What would be in the interest of preventing an otherwise formidable instance without the means.
Monday, October 26, 2009
GH1
So I'm basically decided -- I'm a-gonna get a GH1 rather than a Canon. And I'm gonna do it for the thing which most professional camera ops don't want in a digital cinema camera. Autofocus.
Eric Escobar tries a GH1 with a Zeiss 50mm.
You'll notice from his video that the one thing Eric isn't good at as a camera operator is pulling his own focus. And that's the one thing the GH1 is good for.*
I would say that as a handheld camera operator who has to pull his own focus I'm... OK. OK, that is, for a non-news/non-French cameraman. If you look at the focus on my recent films you'll think that my focus is mostly good -- because we've edited around the parts where I blew the focus.
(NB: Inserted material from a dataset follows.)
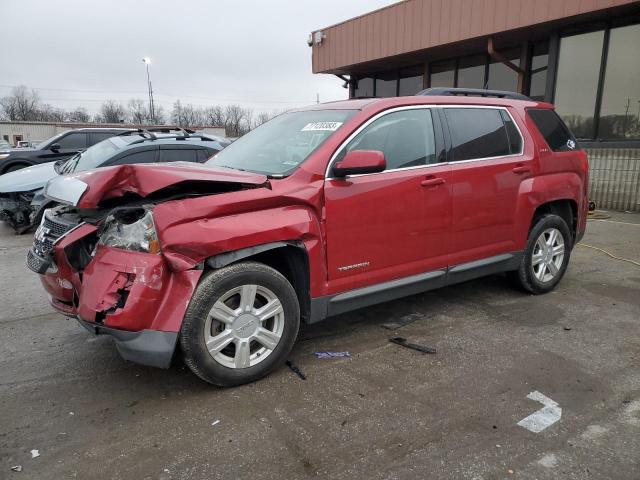 2014 GMC TERRAIN SLE, 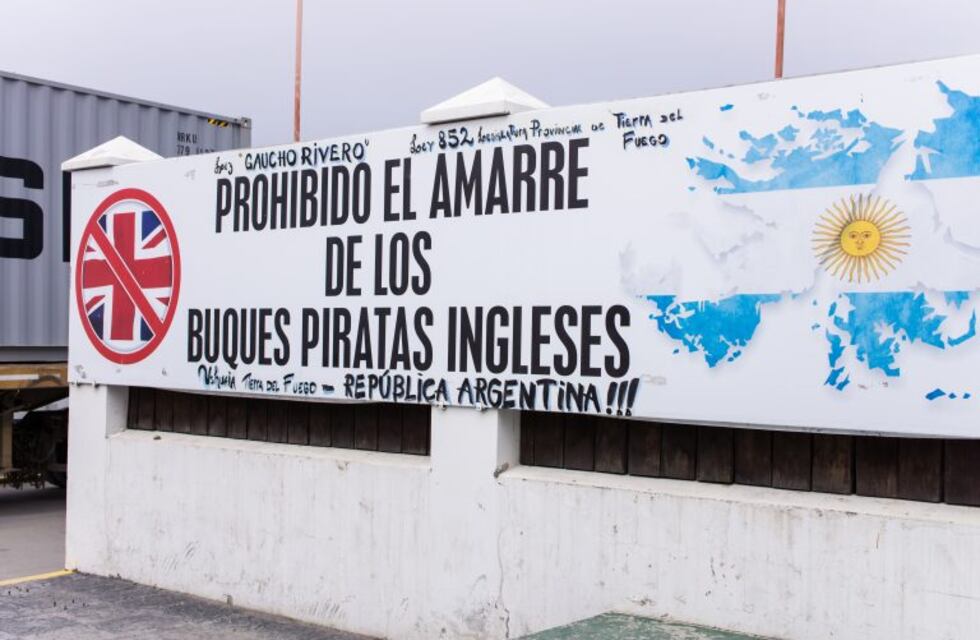 El Gobierno le pidió explicaciones a Brasil por los vuelos militares británicos a Malvinas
Mostly. Lenses for still cameras are generally a bigger pain in the tuchus to pull focus with than their cinema cousins because the focus ring has to swing further to go from (say) someone up close to someone far away. But it can be done.
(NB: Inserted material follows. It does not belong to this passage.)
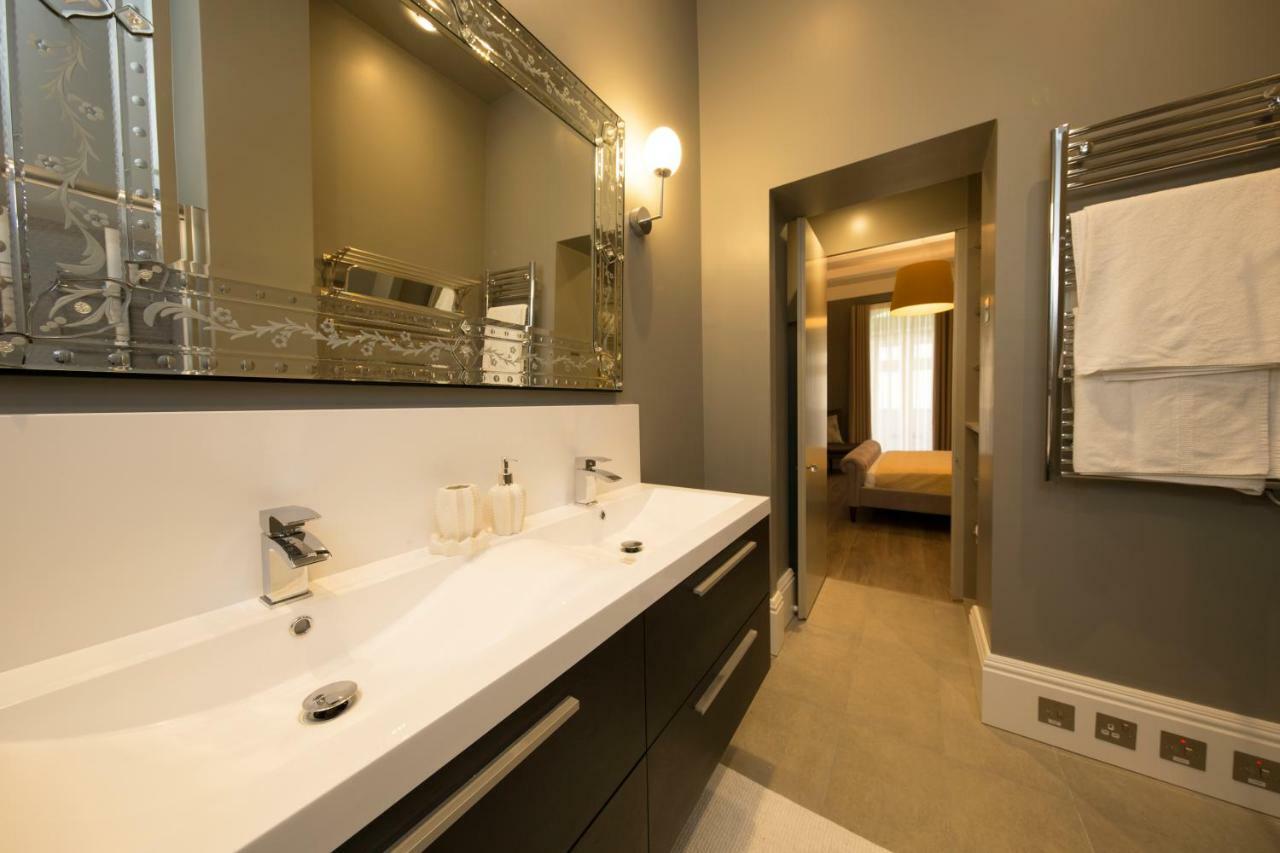 Merchant Street Apartment فاليتا المظهر الخارجي الصورة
There are two kinds of shots which are a big pain to do when you're pulling your own focus: walk and talks (where the camera op is going backwards) and dolly push-ins. And we could do a much, much better job at both of those kinds of shots once we have a good autofocus camera/lens.
I've played with the GH1's autofocus. It does work. Most of the time you just want to focus on the face in front of the camera. It does that. For those other times, you just turn it off. Result? Movie is cheaper and faster to make, and movie is better. All three.
*But not with a Zeiss superspeed lens, you'll have to use the GH1's own (slow-ish) lens.